In a long story made extremely short, my husband and I met in Arizona, moved to Nevada after we were engaged, and 5.5 years and one baby later decided to move back. My job is what made our move possible, so Pumpkin and I made the move last March while Mr. G stayed behind to sell the house and look for work. While we managed to see him roughly every two weeks, and I had a lot of help from my in-laws, I spent much of the four months until his permanent move as a single (pregnant) mom, taking care of all of the meals and drop offs and pick-ups and baths and, well, everything. I’m not saying this to complain, but just to explain that Pumpkin and I grew very attached during this time.
When Mr. G got here, it was such a relief to have help, and in the beginning he didn’t have as much work, so he started taking over dropping Pumpkin off and picking her up from school nearly every day. It was something new to a routine she had finally adjusted to, and drop-offs became difficult again. At the same time, I wanted to take advantage of having the help and go into work early one or two days a week before she woke up. I get out the door so much faster on those days, and I get a lot of work done in the early hours when the office is quiet, but I still felt guilty about not seeing her in the morning, so I started leaving her drawings on a little dry erase board if I left while she was sleeping.

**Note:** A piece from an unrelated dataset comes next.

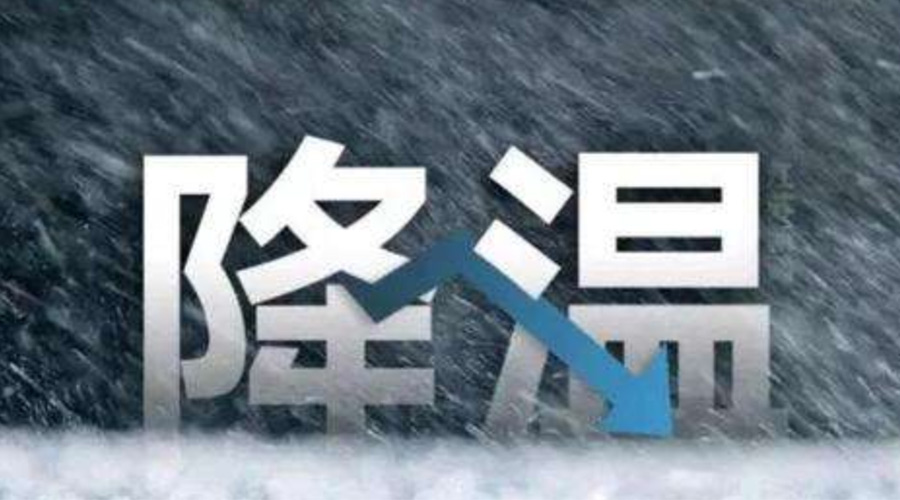 濕冷攻擊！廣東低至5度！滾筒干衣機訂單暴漲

In nine months, I’ve left a drawing every single morning that I’ve left before she woke up – usually every week, sometimes twice a week – even after returning to work from maternity leave with Peanut. Some days I have trouble coming up with ideas, but she’s gotten so used to the drawings that she’ll occasionally ask about them on mornings when I’m home.
And then this week, two months after returning to work, I left bright and early, dropped off Peanut, and then, in the car, realized I had forgotten the drawing. I felt awful. I quickly doodled this terrible picture onto a brown paper bag and texted it to Mr. G to show Pumpkin, with an apology for forgetting. But he didn’t see it in time to show her.
When I asked later that night, he told me she’d asked about a new drawing when she woke up in the morning. It seems like such a little thing, but it’s our little thing, and I felt like I blew it. When I spend so much of my week away from my girls, I want them to know I’m thinking of them all day … some days it’s leaving a drawing, and sometimes it’s cutting a sandwich into a star when I’m making the next day’s lunch or sneaking a special treat into the lunch box. This week I asked Mr. G to fix Pumpkin’s lunch more than I have since Peanut was born, no special shapes or treats, and then I forgot the drawing. Once I draw the next picture, she will likely forget that time I forgot … but I doubt I will.